Saved entries
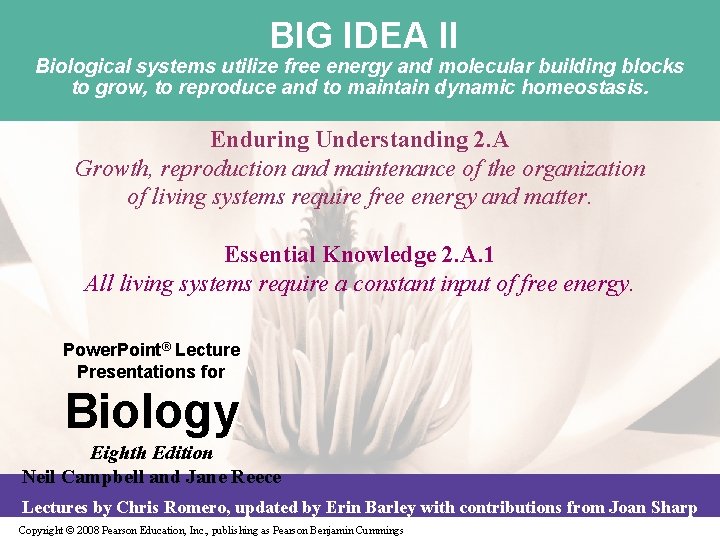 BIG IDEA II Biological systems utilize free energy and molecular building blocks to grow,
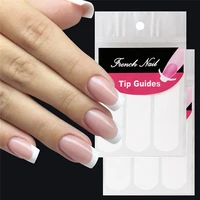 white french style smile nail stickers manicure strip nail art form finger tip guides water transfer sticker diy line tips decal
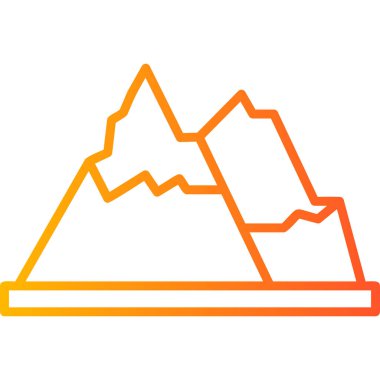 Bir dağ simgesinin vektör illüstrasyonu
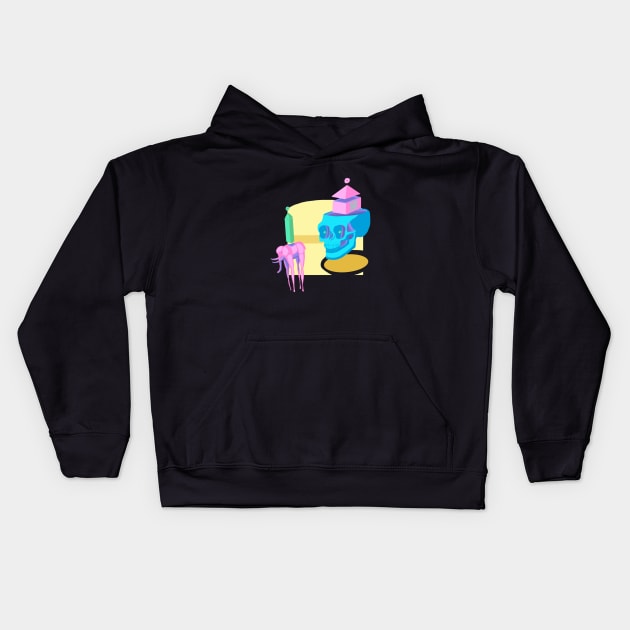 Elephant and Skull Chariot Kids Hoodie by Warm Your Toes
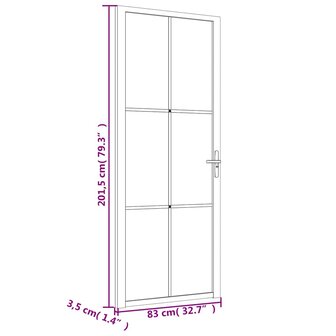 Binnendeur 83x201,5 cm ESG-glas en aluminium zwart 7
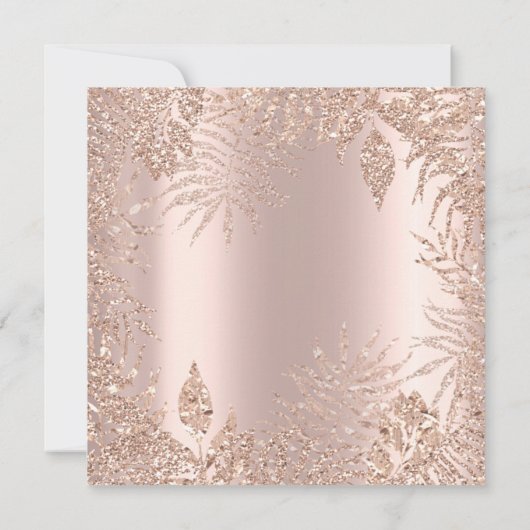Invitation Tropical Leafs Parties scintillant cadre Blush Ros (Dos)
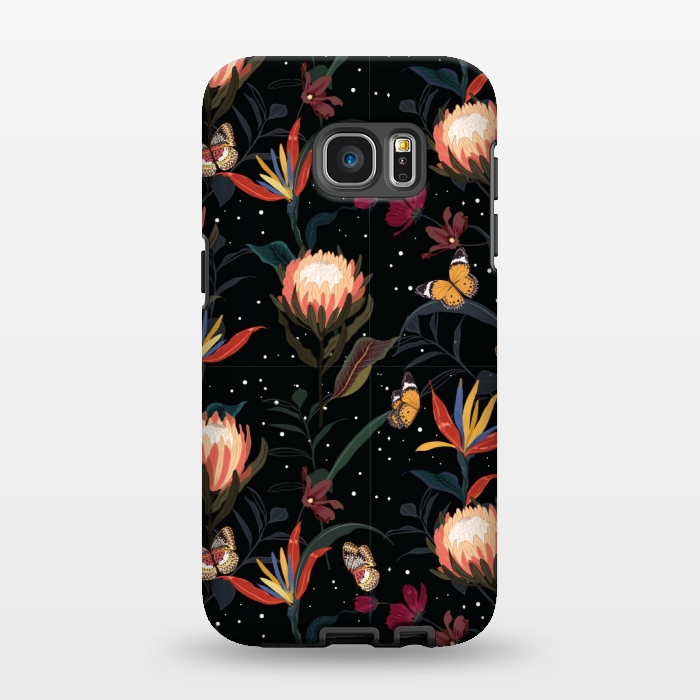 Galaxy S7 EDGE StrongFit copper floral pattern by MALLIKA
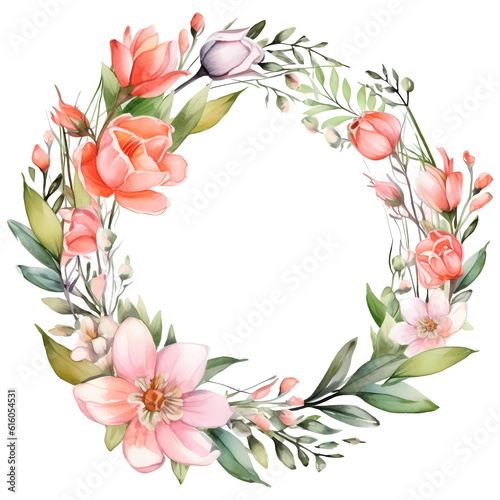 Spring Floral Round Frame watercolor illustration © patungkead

**Exercise prompt**
Copy the lines exactly as they appear from the opening of the entries above through the line with "Bir dağ simgesinin vektör illüstrasyonu", excluding all pictures.

**Problem solution**
 BIG IDEA II Biological systems utilize free energy and molecular building blocks to grow,
 white french style smile nail stickers manicure strip nail art form finger tip guides water transfer sticker diy line tips decal
 Bir dağ simgesinin vektör illüstrasyonu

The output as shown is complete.